▶ Exercise requirements:
Starting at the top of the entries below, print each line exactly until the line with "Alt Tag: Brass" has been printed too.
*** Opening of Entries provided ***
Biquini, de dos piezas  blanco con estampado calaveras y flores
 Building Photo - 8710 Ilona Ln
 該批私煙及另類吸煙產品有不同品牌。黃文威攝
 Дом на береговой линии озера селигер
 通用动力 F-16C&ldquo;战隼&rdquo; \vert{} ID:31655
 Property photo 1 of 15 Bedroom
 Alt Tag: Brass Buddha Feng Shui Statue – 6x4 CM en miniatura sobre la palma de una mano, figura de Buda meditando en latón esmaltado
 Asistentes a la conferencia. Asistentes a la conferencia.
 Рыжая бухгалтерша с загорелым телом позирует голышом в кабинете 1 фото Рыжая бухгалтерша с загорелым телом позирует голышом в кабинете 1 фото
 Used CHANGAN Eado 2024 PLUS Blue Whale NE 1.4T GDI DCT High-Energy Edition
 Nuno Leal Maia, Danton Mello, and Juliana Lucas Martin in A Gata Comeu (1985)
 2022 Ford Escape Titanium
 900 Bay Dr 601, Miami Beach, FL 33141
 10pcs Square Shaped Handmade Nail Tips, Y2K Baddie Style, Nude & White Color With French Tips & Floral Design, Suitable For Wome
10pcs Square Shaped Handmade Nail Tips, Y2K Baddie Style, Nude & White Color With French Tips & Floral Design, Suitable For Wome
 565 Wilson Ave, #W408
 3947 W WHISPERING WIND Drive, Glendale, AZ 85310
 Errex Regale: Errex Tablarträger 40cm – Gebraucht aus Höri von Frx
*** Close of Entries provided ***
▶ Result of the task:
Biquini, de dos piezas  blanco con estampado calaveras y flores
 Building Photo - 8710 Ilona Ln
 該批私煙及另類吸煙產品有不同品牌。黃文威攝
 Дом на береговой линии озера селигер
 通用动力 F-16C&ldquo;战隼&rdquo; \vert{} ID:31655
 Property photo 1 of 15 Bedroom
 Alt Tag: Brass Buddha Feng Shui Statue – 6x4 CM en miniatura sobre la palma de una mano, figura de Buda meditando en latón esmaltado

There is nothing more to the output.